[Start of Attachment]

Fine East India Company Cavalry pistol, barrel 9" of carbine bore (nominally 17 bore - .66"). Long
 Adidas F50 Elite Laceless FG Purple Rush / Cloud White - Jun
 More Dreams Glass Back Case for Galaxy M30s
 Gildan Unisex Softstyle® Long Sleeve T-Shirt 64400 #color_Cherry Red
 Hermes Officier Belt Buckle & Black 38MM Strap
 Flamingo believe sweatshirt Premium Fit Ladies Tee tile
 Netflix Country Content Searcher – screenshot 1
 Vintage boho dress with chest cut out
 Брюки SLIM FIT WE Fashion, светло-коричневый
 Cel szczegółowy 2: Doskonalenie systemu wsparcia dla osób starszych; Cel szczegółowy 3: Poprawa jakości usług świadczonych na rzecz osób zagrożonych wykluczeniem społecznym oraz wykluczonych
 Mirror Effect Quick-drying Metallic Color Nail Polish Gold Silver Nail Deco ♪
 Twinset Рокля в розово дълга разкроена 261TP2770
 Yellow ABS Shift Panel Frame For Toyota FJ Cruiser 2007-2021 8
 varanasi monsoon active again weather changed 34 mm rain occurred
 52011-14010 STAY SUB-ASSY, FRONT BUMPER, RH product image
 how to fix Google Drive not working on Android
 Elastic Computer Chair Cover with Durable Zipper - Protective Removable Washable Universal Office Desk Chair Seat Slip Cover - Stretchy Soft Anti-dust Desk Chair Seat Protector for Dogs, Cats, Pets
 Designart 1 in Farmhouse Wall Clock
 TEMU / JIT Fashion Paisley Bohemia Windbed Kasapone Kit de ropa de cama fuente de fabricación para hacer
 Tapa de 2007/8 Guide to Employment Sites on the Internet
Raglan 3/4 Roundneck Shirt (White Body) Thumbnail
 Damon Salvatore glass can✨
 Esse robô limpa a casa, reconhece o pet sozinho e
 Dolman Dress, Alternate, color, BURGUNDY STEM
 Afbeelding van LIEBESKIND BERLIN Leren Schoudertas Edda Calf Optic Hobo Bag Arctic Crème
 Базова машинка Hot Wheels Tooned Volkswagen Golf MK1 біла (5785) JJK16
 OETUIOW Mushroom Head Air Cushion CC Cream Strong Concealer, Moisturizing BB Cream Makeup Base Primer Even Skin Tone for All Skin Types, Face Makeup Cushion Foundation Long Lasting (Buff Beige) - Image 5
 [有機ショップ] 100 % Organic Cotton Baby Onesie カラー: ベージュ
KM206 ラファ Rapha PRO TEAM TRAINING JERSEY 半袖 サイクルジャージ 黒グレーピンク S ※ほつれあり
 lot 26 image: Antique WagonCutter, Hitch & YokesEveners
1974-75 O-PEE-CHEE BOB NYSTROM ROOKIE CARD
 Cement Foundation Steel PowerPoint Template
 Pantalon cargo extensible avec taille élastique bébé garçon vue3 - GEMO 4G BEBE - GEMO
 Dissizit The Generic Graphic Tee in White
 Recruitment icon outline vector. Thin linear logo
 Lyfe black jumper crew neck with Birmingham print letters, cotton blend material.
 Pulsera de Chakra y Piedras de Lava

[End of Attachment]

- **TASK INSTRUCTIONS**
Copy all lines from the material that include "with".

- **WRITTEN SOLUTION**
 Vintage boho dress with chest cut out
 Elastic Computer Chair Cover with Durable Zipper - Protective Removable Washable Universal Office Desk Chair Seat Slip Cover - Stretchy Soft Anti-dust Desk Chair Seat Protector for Dogs, Cats, Pets
 Lyfe black jumper crew neck with Birmingham print letters, cotton blend material.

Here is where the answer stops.